Task to complete
Starting at the line that has "La Biblioteca Pública" and stopping after the line that has "Snapshot of goth_tasha", reproduce the listing below exactly; omit everything else.

*** Extracted data Section Begins ***

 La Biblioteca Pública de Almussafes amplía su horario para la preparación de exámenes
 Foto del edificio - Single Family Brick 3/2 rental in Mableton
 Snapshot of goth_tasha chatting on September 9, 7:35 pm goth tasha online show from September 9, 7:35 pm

*** Extracted data Section Ends ***
*** Extracted data Section Begins ***

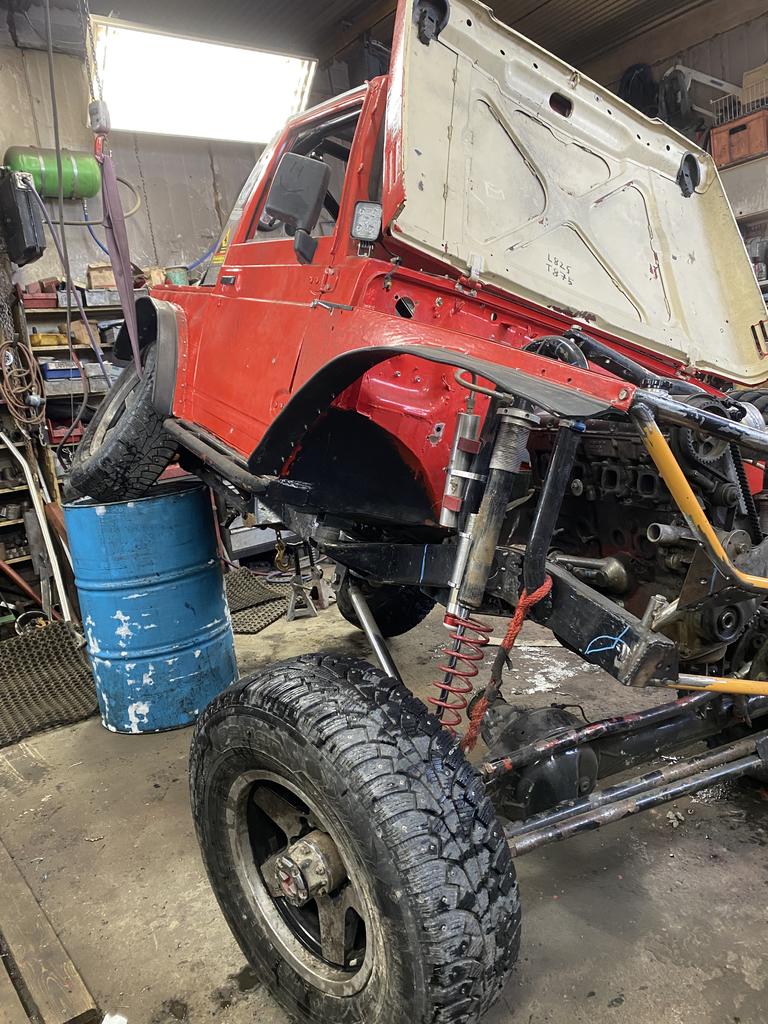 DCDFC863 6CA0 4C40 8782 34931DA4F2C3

*** Extracted data Section Ends ***

Answer for this exercise
 La Biblioteca Pública de Almussafes amplía su horario para la preparación de exámenes
 Foto del edificio - Single Family Brick 3/2 rental in Mableton
 Snapshot of goth_tasha chatting on September 9, 7:35 pm goth tasha online show from September 9, 7:35 pm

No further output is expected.